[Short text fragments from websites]
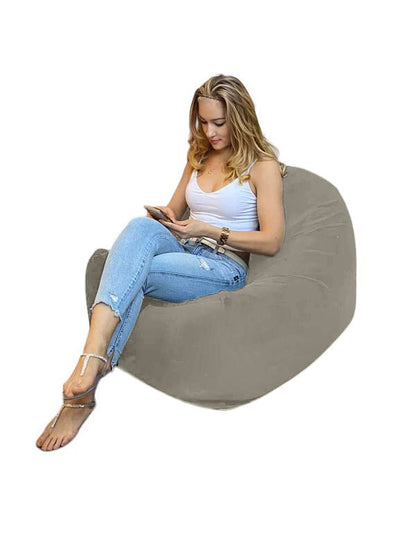 Adult Lounge Beanbag Style CA153 - Beanbag Montreal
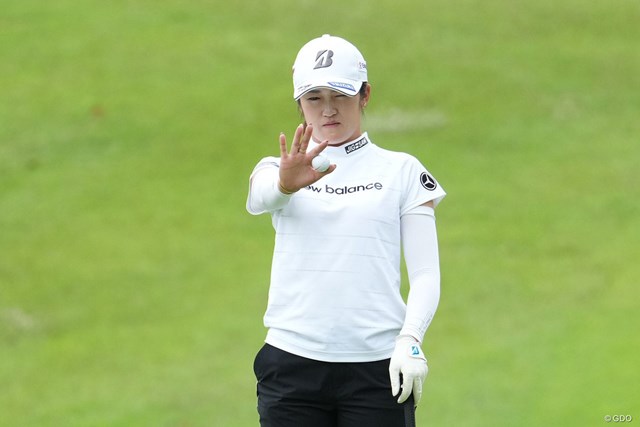 è¨˜éŒ²ãšãã‚ã®18ãƒ›ãƒ¼ãƒ« ç¨²è¦‹èŒå¯§ è‡ªåˆ†ã§ã¾ãŸå¡—ã‚Šæ›¿ãˆãŸã„ å›½å†…å¥³å­ãƒ„ã‚¢ãƒ¼ Lpga Gdo ã‚´ãƒ«ãƒ•ãƒ€ã‚¤ã‚¸ã‚§ã‚¹ãƒˆ ã‚ªãƒ³ãƒ©ã‚¤ãƒ³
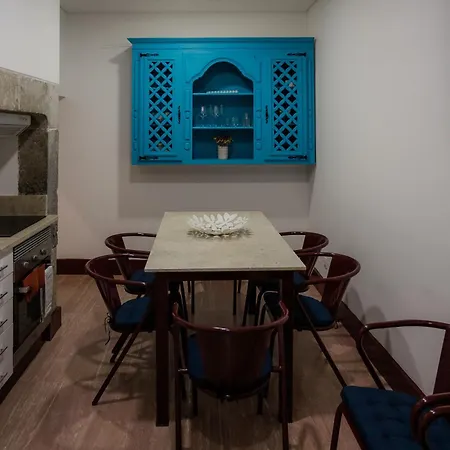 Apartment Lisboa A Janela, Charming Apartments In Lisbon Center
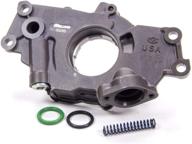 melling-10295 oil pump - wet sump, internal, standard volume & high pressure for gm ls-series - each logo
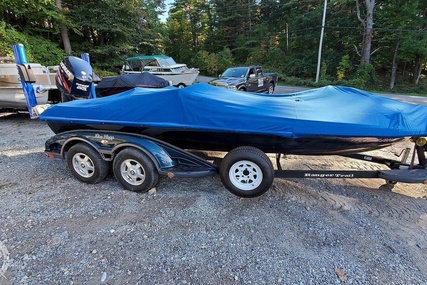 Ranger Boats Z20 Comanche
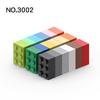 20Pcs  MOC 3002 Brick 2 X 3 Tile Parts Building Blocks Particle DIY Kids Brain Game Assmble Toy Birthday Gift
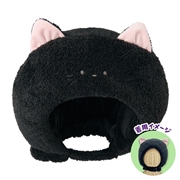 [52cm]ハロウィン帽子 くろねこ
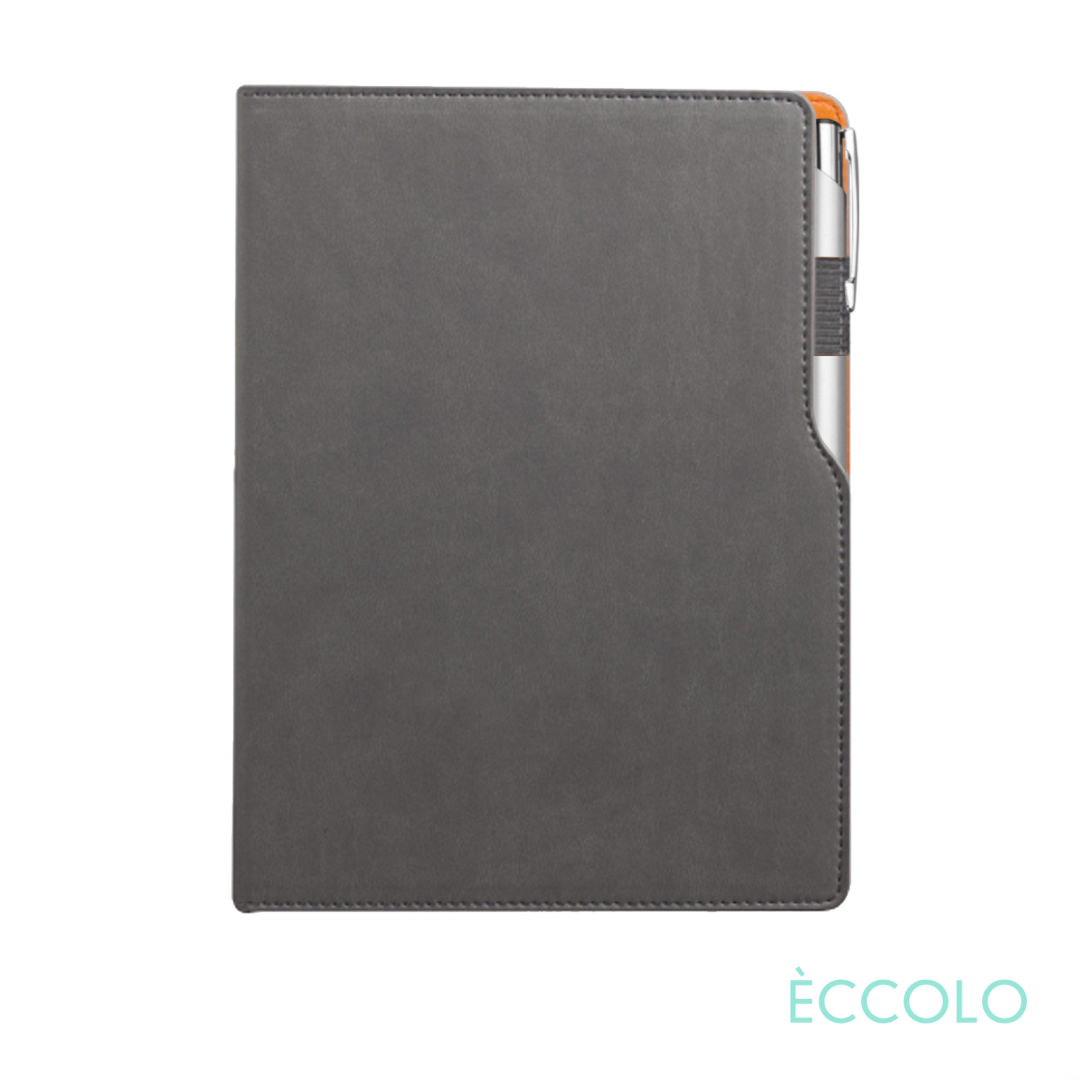 Eccolo® Mambo Journal/Clicker Pen - (M) 1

▶ **Exercise directions**: Copy out each record shown above without alteration, skipping any picture.

▶ **Response**:
 Adult Lounge Beanbag Style CA153 - Beanbag Montreal
 è¨˜éŒ²ãšãã‚ã®18ãƒ›ãƒ¼ãƒ« ç¨²è¦‹èŒå¯§ è‡ªåˆ†ã§ã¾ãŸå¡—ã‚Šæ›¿ãˆãŸã„ å›½å†…å¥³å­ãƒ„ã‚¢ãƒ¼ Lpga Gdo ã‚´ãƒ«ãƒ•ãƒ€ã‚¤ã‚¸ã‚§ã‚¹ãƒˆ ã‚ªãƒ³ãƒ©ã‚¤ãƒ³
 Apartment Lisboa A Janela, Charming Apartments In Lisbon Center
 melling-10295 oil pump - wet sump, internal, standard volume & high pressure for gm ls-series - each logo
 Ranger Boats Z20 Comanche
 20Pcs  MOC 3002 Brick 2 X 3 Tile Parts Building Blocks Particle DIY Kids Brain Game Assmble Toy Birthday Gift
 [52cm]ハロウィン帽子 くろねこ
 Eccolo® Mambo Journal/Clicker Pen - (M) 1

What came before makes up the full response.